Garbage Collection Log: Frequent or long garbage collection pauses can cause application threads to stall, appearing as if they are not progressing in the thread dump. By analyzing the Garbage Collection log alongside the thread dump, you can determine whether thread stalling is due to garbage collection events. For example, if you observe that threads are consistently in a WAITING state in the thread dump and there are frequent GC events in the log, this correlation can indicate that GC activity is causing the threads to pause.

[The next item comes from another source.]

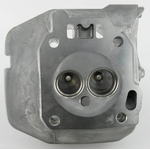 ?f=HO12200ZF6406-3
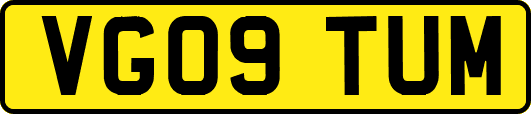 VG09TUM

netstat: Slow backend systems are another common performance bottleneck. Combining thread dumps with the netstat command is an effective way to troubleshoot this issue. The netstat command provides information about the network connections established by your application, helping you identify if threads are waiting for responses from external systems such as databases or remote services. By linking this netstat data with thread dump data, you can determine whether a high number of open connections corresponds with threads that appear to be waiting indefinitely, indicating that the bottleneck may be due to slow responses from backend systems.

You can use the open-source yc script which captures 16 troubleshooting artifacts including three snapshots of thread dumps, top -H, GC Log and netstat.

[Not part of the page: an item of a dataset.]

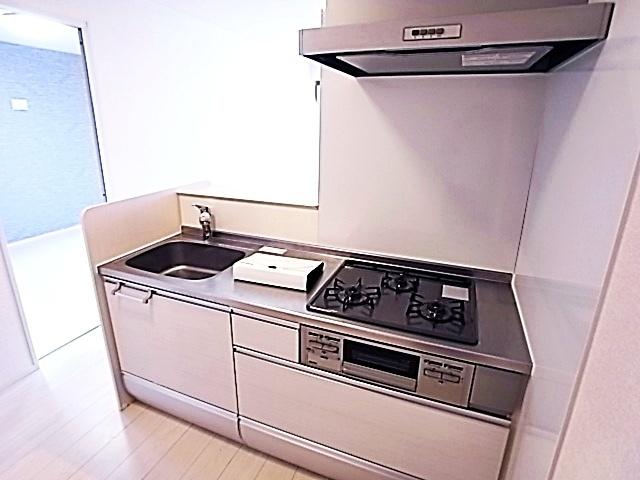 写真:その他物件の写真03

4. Archive Thread Dumps Securely

Thread dumps often contain sensitive information, such as framework details, third-party libraries, hostnames, and even IP addresses. In many enterprises, production problems are diagnosed by sharing dumps across multiple locations—SRE engineers download them to local machines, upload them to shared drives, and developers and QA engineers access and transfer them multiple times. This widespread handling of dumps poses significant security risks.

To mitigate these risks, it is crucial to securely archive or purge thread dumps after analysis. If you use the yCrash tool, production dumps are securely transmitted directly from your production servers to a yCrash server running within your corporate network. This approach ensures that raw dumps remain inaccessible to individuals, and only generated reports are available for analysis. By centralizing and securing dump storage, yCrash minimizes the risk of sensitive data exposure. For more information on yCrash’s security features, refer to this documentation

5. Use Forced Option When JVM is Unresponsive

If the JVM becomes unresponsive, it might not respond to regular thread dump capture requests. In such cases, you can use the -F option with the jstack tool to force a thread dump capture. Although the dump captured using this method might be incomplete, with limited details such as missing thread states or lock information, it’s better than having no data at all. Note that the jstack -F option is not available in JDK 11 and above. In such situations, the jhsdb jstack option is a reliable alternative. If you use the open-source yc script, it automatically attempts six different options to capture thread dumps in pristine format, as detailed in this documentation.

Conclusion

By following these best practices for capturing thread dumps, you can gain valuable insights into your application’s behavior during performance issues. Whether you use automated tools like the ‘yc script’ or capture thread dumps manually, remember to prioritize data security and capture supporting artifacts for a more thorough analysis.